LONDON, July 19: Pressure on Britain’s intelligence services intensified on Tuesday with the leaking of a memo in which they said just weeks before the London bombings that there was no group with the motive and means to attack.

The threat assessment report from Britain’s Joint Terrorism Analysis Centre (JTAC), obtained by the New York Times from a foreign intelligence service, also stated that violence in Iraq motivated terrorist-related activity in Britain.

The report concluded: “At present there is not a group with both the current intent and the capability to attack the UK.”

The fact the JTAC had downgraded the security threat last month was not new – the government confirmed it in the wake of the July 7 London bombings and said then that there was no evidence a higher threat level would have made any difference.

But the language of the JTAC memo, disclosed for the first time, came as a surprise because it was so direct.

“Speaking as a 30-year intelligence officer, I would be surprised at any intelligence officer who made a categorical statement that there was no one out there with the capability or intent to do something,” said Robert Ayers, associate fellow of London’s Royal Institute of International Affairs.

“I think that statement is of the same character as the ‘dodgy dossier’ statements. It sounds to me like some of the qualifiers and the caveats disappeared from the statement,” said Ayers, a former intelligence specialist in the U.S. Army and Defence Intelligence Agency.

He was referring to a British government dossier released before the Iraq war and based on intelligence that was subsequently discredited, including the claim Iraqi President Saddam Hussein could fire some chemical and biological weapons at just 45 minutes’ notice.

WHEN, NOT IF: The decision to downgrade the threat level from “severe general” to ‘substantial’ was taken after Britain’s general election in May, which authorities had feared could be targeted by militants.

But independent security analysts have questioned the decision to scale down the threat weeks before a summit of the world’s most powerful leaders in Scotland.

It was on the first full day of the Group of Eight summit that suspected Al Qaeda-linked bombers blew up three London underground trains and a bus, killing more than 50 people.

Senior government minister Geoff Hoon would not comment on the New York Times report but said: “We have to make judgments on the best intelligence that is available at the time.

“But obviously we continue to review the sources of information and our assessment of them,” he told reporters.

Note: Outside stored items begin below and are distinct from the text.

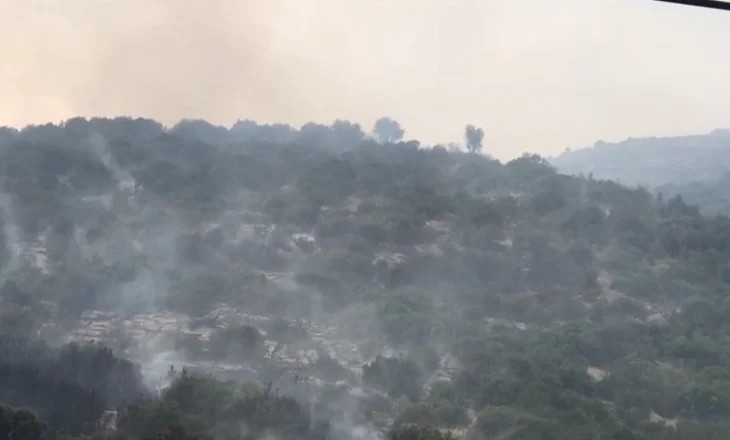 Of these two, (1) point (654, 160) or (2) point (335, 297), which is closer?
(2) point (335, 297)

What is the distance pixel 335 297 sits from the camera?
2162cm

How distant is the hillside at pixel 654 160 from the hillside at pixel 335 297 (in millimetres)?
14468

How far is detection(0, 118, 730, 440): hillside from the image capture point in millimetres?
16406

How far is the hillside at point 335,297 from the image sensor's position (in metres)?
16.4

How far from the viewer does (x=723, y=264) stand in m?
26.9

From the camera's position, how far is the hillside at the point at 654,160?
47062mm

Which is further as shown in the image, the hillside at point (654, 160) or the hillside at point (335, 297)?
the hillside at point (654, 160)

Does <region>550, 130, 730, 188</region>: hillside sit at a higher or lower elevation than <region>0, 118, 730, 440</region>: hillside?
higher

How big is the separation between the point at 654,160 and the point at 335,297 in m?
36.5

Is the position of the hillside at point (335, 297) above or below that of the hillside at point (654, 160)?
below

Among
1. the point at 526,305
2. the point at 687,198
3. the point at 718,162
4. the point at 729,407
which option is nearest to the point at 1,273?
the point at 526,305

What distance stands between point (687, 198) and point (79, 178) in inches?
1041

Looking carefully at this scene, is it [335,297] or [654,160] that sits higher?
[654,160]

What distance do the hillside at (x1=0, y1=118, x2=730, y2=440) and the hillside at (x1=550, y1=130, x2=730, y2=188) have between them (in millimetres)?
14468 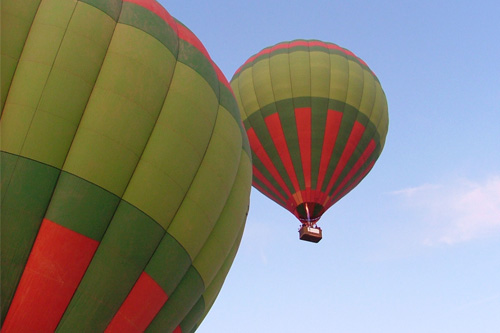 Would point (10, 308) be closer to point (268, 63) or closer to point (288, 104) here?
point (288, 104)

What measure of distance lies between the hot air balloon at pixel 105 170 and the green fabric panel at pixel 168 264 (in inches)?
0.5

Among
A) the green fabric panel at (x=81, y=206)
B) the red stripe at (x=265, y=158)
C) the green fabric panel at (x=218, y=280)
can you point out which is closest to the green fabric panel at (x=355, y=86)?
the red stripe at (x=265, y=158)

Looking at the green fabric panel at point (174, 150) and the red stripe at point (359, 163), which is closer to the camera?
the green fabric panel at point (174, 150)

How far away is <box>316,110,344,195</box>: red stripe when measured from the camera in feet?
46.2

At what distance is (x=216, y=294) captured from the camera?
747cm

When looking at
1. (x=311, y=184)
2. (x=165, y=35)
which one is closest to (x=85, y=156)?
(x=165, y=35)

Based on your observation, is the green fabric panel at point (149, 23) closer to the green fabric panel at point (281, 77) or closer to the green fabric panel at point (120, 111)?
the green fabric panel at point (120, 111)

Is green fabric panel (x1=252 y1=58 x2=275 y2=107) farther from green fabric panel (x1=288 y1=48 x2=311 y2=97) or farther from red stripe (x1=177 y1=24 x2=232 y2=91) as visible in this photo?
red stripe (x1=177 y1=24 x2=232 y2=91)

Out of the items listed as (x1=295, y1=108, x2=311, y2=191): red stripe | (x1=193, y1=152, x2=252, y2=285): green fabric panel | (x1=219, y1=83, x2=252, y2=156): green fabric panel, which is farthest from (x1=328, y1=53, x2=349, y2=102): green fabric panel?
(x1=193, y1=152, x2=252, y2=285): green fabric panel

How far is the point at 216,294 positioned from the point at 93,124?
3.22 metres

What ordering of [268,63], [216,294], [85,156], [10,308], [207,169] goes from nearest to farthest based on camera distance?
[10,308] → [85,156] → [207,169] → [216,294] → [268,63]

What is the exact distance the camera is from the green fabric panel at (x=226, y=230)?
6.65 m

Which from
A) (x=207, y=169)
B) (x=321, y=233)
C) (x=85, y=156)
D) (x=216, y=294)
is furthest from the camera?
(x=321, y=233)

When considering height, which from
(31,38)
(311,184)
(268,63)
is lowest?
(31,38) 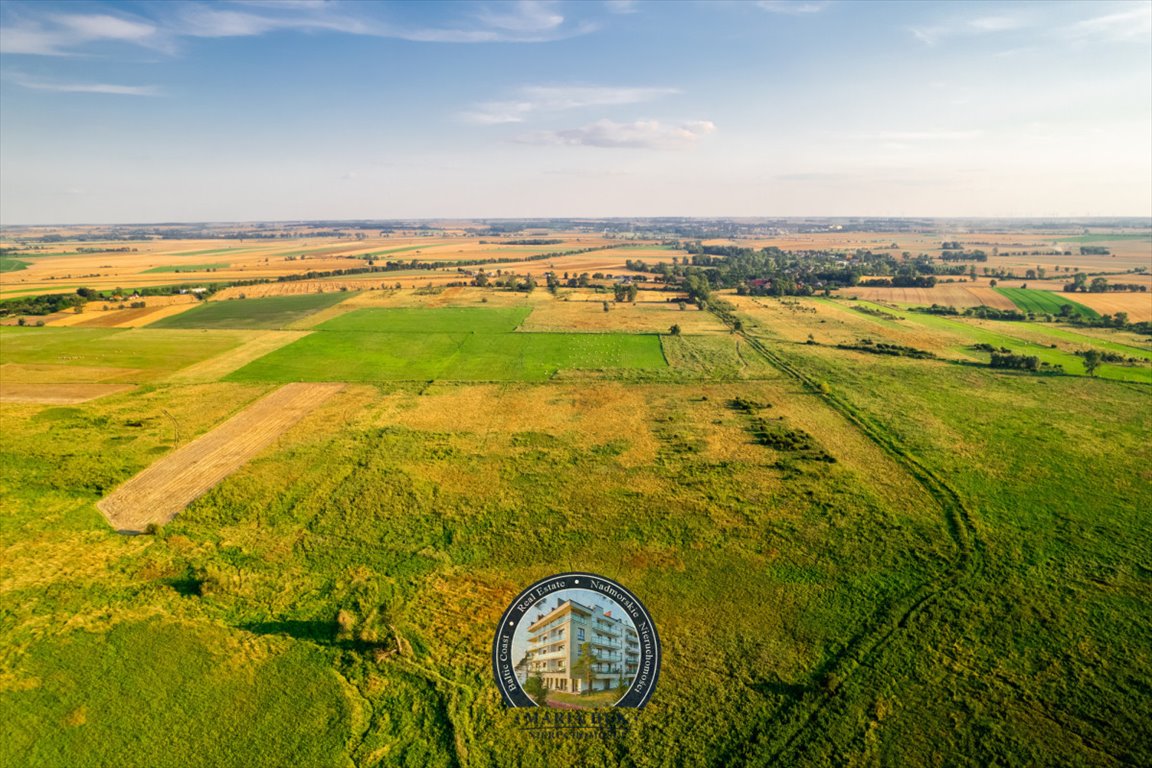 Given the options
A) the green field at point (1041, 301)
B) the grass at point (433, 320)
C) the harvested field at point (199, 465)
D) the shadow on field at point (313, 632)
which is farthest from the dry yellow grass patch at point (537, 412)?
the green field at point (1041, 301)

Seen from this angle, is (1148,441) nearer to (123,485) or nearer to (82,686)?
(82,686)

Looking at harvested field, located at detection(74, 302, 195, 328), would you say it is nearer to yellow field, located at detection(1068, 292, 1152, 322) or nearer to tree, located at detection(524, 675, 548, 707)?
tree, located at detection(524, 675, 548, 707)

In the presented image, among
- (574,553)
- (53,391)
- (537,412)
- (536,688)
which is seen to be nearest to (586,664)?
(536,688)

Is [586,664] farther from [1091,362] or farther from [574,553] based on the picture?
[1091,362]

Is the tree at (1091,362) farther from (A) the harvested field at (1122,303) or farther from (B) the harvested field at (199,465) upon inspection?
(B) the harvested field at (199,465)

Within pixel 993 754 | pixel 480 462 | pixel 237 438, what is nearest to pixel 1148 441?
pixel 993 754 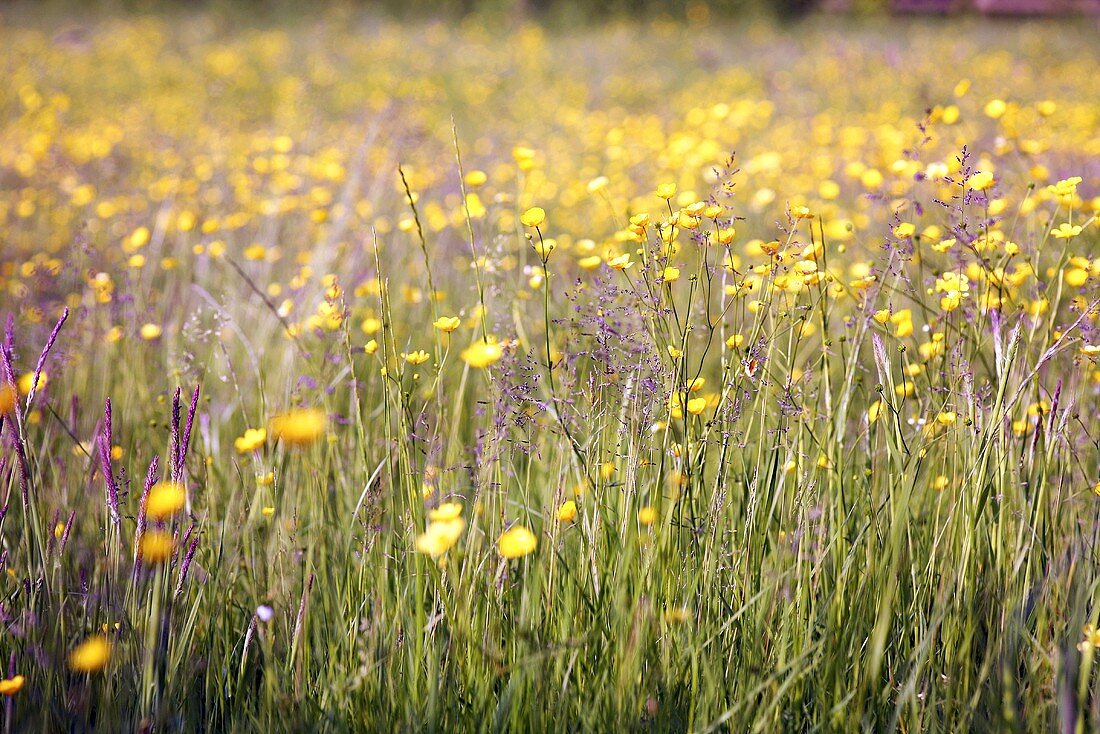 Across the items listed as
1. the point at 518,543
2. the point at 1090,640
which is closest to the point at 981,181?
the point at 1090,640

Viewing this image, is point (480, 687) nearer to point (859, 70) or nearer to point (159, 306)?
point (159, 306)

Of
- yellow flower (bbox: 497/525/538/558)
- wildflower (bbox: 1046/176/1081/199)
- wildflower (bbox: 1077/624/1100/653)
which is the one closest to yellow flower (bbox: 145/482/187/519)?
yellow flower (bbox: 497/525/538/558)

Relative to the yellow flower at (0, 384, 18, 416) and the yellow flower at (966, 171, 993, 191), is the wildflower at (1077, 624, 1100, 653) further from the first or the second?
the yellow flower at (0, 384, 18, 416)

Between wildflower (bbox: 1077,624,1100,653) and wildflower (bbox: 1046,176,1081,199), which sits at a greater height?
wildflower (bbox: 1046,176,1081,199)

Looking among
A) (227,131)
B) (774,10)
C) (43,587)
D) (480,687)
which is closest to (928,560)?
(480,687)

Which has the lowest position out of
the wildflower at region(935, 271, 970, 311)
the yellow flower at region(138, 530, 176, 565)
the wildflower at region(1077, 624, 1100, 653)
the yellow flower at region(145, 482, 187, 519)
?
the wildflower at region(1077, 624, 1100, 653)

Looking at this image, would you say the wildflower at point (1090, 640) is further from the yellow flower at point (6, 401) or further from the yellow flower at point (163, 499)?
the yellow flower at point (6, 401)

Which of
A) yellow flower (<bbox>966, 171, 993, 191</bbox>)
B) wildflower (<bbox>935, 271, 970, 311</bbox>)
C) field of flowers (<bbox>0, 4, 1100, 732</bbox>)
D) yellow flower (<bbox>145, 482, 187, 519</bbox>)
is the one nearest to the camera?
yellow flower (<bbox>145, 482, 187, 519</bbox>)

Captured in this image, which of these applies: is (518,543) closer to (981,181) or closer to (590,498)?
(590,498)

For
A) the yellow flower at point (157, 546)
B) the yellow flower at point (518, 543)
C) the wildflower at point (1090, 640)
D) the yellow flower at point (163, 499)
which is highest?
the yellow flower at point (163, 499)

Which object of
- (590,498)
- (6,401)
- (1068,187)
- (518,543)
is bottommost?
(590,498)

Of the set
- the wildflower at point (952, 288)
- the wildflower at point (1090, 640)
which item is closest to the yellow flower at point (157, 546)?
the wildflower at point (1090, 640)

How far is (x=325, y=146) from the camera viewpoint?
17.8 ft

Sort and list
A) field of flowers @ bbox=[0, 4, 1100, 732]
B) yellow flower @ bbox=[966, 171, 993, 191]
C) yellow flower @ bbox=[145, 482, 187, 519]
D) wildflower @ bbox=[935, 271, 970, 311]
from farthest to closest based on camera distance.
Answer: yellow flower @ bbox=[966, 171, 993, 191] < wildflower @ bbox=[935, 271, 970, 311] < field of flowers @ bbox=[0, 4, 1100, 732] < yellow flower @ bbox=[145, 482, 187, 519] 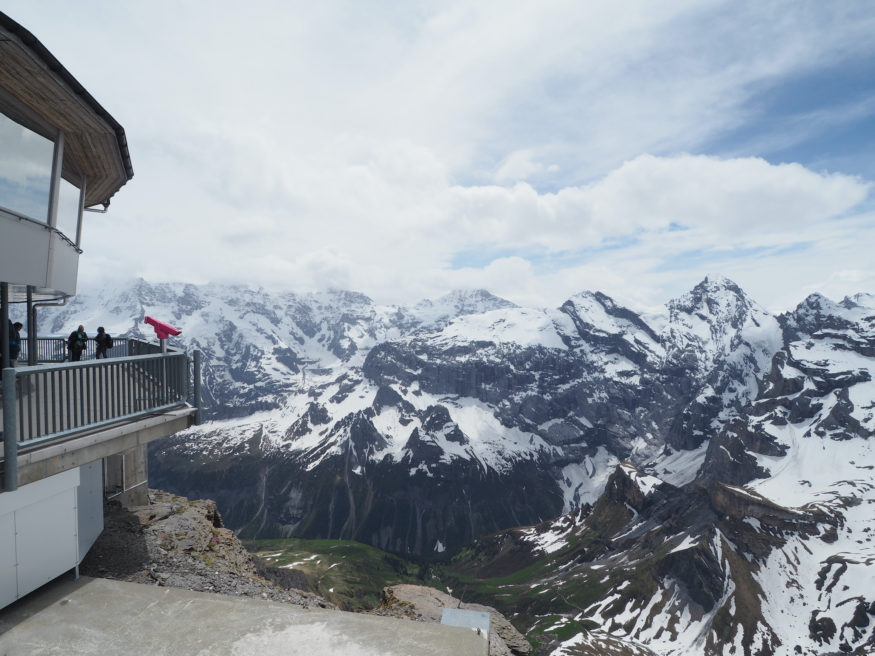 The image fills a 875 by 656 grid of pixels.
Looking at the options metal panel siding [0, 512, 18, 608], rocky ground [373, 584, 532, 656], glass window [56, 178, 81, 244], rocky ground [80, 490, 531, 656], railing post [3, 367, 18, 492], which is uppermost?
glass window [56, 178, 81, 244]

The government has also rejected suggestions the London bombings were retribution for Britain’s role in Iraq.

But the JTAC report said ‘events in Iraq are continuing to act as motivation and a focus of a range of terrorist-related activity in the UK’.

The JTAC memo also appeared at odds with previous public comments by top police chiefs and government officials that a major attack on Britain was a question of when, not if.

Ayers said lowering the threat level would have had a practical effect in reducing the security presence and level of checks carried out in public places.

“I find it difficult to understand how the government can state that we lowered the threat level but it had no effect on our ability to detect and prevent these attacks,” he said.